-
Type: Improvement
-
Resolution: Fixed
-
Priority: Major
-
Affects Version/s: master, 5.0.3
-
Component/s: Planner: hierarchal workflows, Workflow API Libraries
-
None
With the 5.0 release, we allow users to specify inputs for their sub workflow jobs
For example, as in this example
https://github.com/pegasus-isi/hierarichal-sample-wf
- type: pegasusWorkflow
file: inner_diamond_workflow.yml
id: diamond_subworkflow
arguments: - --conf
- inner_diamond_workflow.pegasus.properties
- --output-sites
- local
- -vvv
- --basename
- inner
uses: - lfn: pegasus.html
type: input - lfn: f.d
type: output
stageOut: true
registerReplica: true - lfn: sites.yml
type: input - lfn: inner_diamond_workflow_tc.yml
type: input - lfn: inner_diamond_workflow.yml
type: input - lfn: inner_diamond_workflow.pegasus.properties
type: input
the diamond sub workflow has 4 input dependenices
1. pegasus.html
2. inner_diamond_workflow_tc.yml
3. inner_diamond_workflow.yml
4. inner_diamond_workflow.pegasus.properties
Of these dependencies in pegasus.html is an input file that is required by a job in diamond sub workflow while it runs, whereas the remaining files are required to plan the sub workflow.

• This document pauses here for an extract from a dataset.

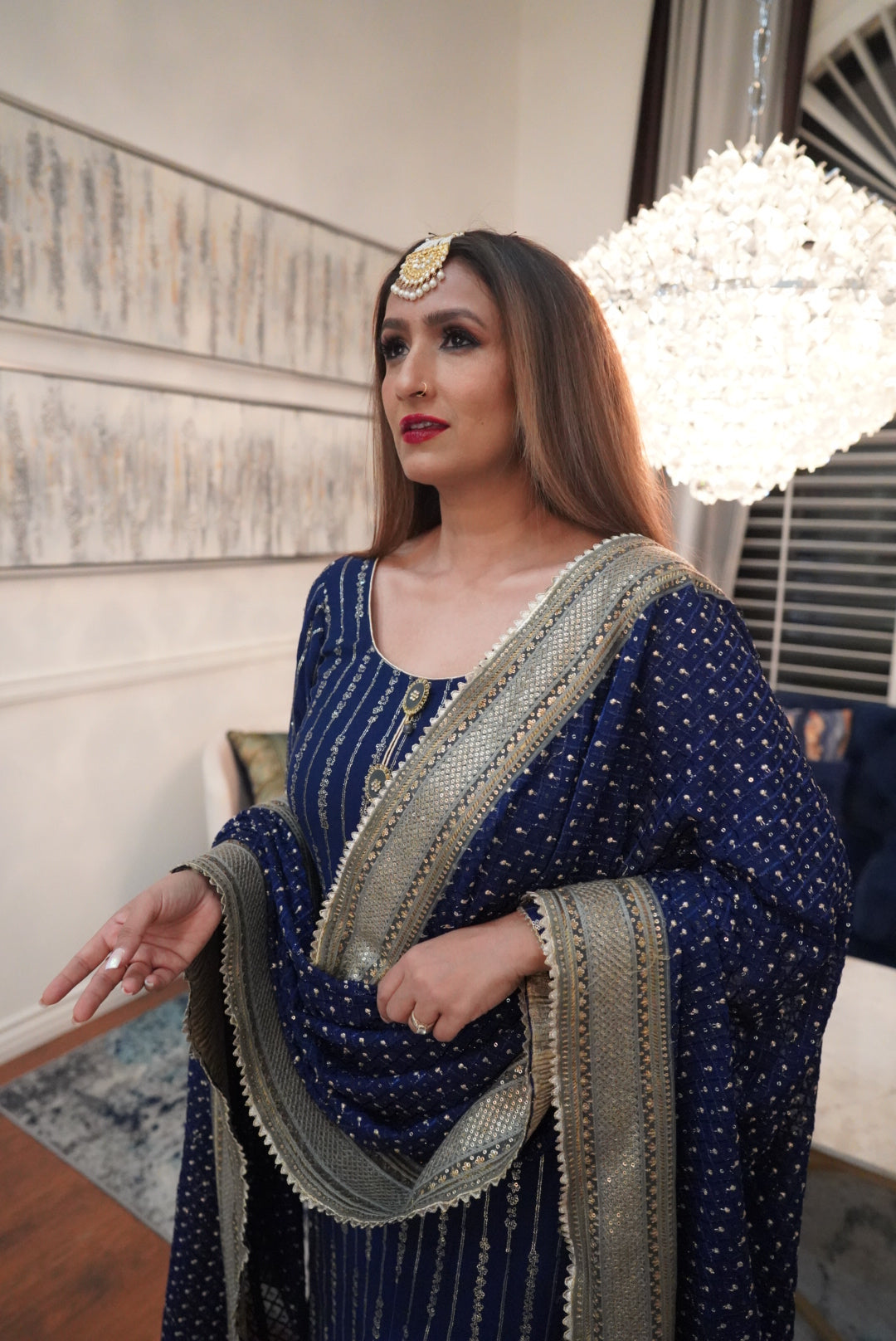 Pretty-kaur-d-fashion-Elegant-Navy-Blue-Punjabi-Suit-with-Golden-Beads-Endorsed 6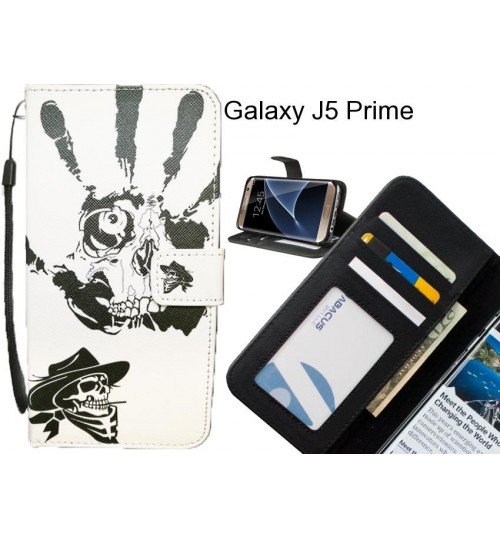 Galaxy J5 Prime case 3 card leather wallet case printed ID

In Pegasus the planning of the sub workflow only happens on the submit host, and hence the files need to be brought down to the submit host.
The pegasus.html file on the other hand is required by a compute job in the sub workflow diamond, and should be pulled down only when the compute job is run.
Currently, since there is no way to differentiate these files the planner always setups all the inputs for the sub workflow to be pulled down to the submit host, even though the file (pegasus.html in this case) needs to be pulled down only when the sub workflow runs. this duplicate transfer to submit host can create problems on 2 fronts
- extra files downloaded to the submit host that are not required.
- if using globus online for workflows, usually there is no local endpoint for submit host, and the workflow ends up failing.
We need a way in the API to differentiate a file that is for planner use in the sub workflow to avoid this.